Many land vehicles include one or more wheels which provide a rolling surface for movement of the vehicle. Generally, these wheels are mounted on hubs which are rotatably coupled to the axles of the vehicle. However, some wheels include integrally formed hubs which allow the wheels to be mounted directly to an axle. Integrally forming the wheel and hub together significantly improves the strength and structural integrity of the wheel, which is particularly valuable for wheels used in high-load applications such as, for example, the wheels used in continuous track assemblies to support the endless belts thereof.

Traditionally, wheels having integral hubs are manufactured in two separate halves which are secured together to form a single wheel. Examples of such wheels are shown and described in Albright et al., U.S. Pat. No. 2,990,216; Moyer, U.S. Pat. No. 2,998,282, Eaton, U.S. Pat. No. 3,871,709; Scelsi et al., U.S. Pat. No. 7,369,966; Hamilton, U.S. Pat. No. 8,186,767; and Zeisler, U.S. Pat. No. 10,350,940.

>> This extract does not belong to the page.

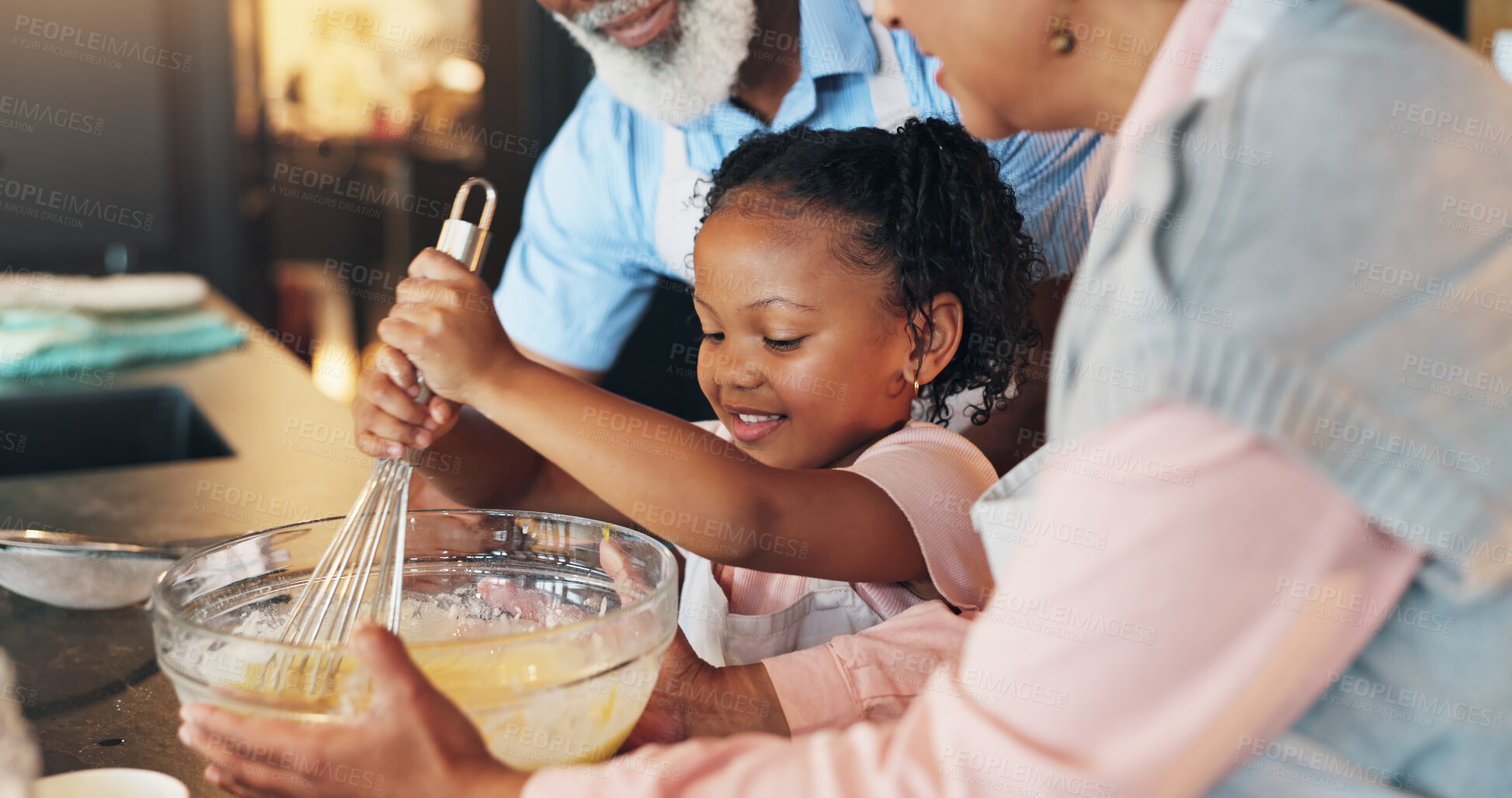 Buy stock photo Baking, child and helping grandparents with mixing for cookies, dessert prep and childhood development. Flour, people and girl kid bonding in kitchen with teaching cake recipe, support and education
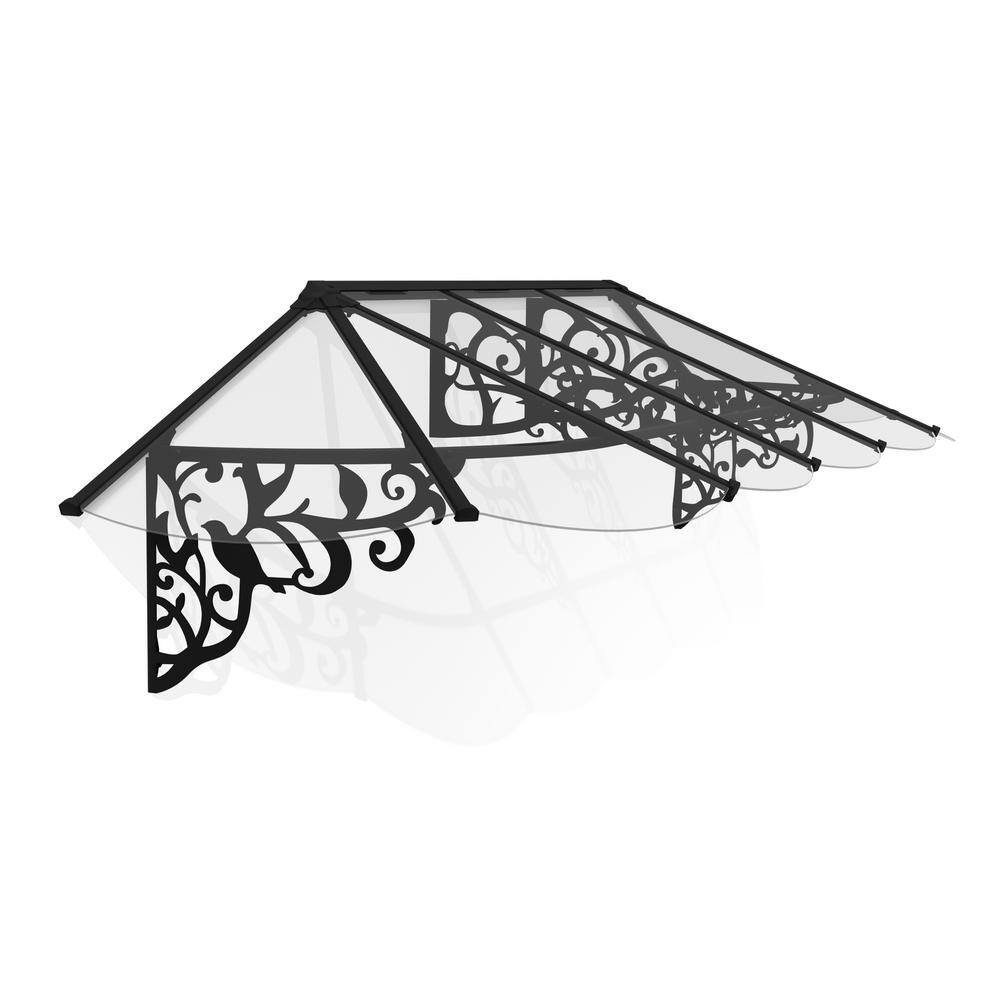 CANOPIA by PALRAM Lily 3 ft. x 10.5 ft. Black/Clear Door and Window Awning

However, assembling these two-part wheels is time consuming. Additionally, these traditional wheels typically use tapered roller bearings which are lubricated by grease which is packed into the bearing and must be periodically replaced. This process is also time consuming and, if done incorrectly, can reduce the service life of the bearings. Accordingly, there exists a need for an improved wheel having an integrally formed hub.

In one form thereof, the present invention is directed to a wheel which is adapted to be rotatably mounted on an axle. The wheel comprises a central hub, a rim which circumscribes the central hub, and a plurality of spokes which extend between and connect the central hub and the rim. The central hub, the rim, and the plurality of spokes are integrally formed as a single, unitary piece. The central hub comprises an axle bore and a lubricant reservoir. The axle bore is adapted to receive the axle for rotatably mounting the wheel thereto. The lubricant reservoir is formed within the central hub and includes an opening which opens into the axle bore. As the wheel rotates, the lubricant flows through the opening into the axle bore and lubricates the axle.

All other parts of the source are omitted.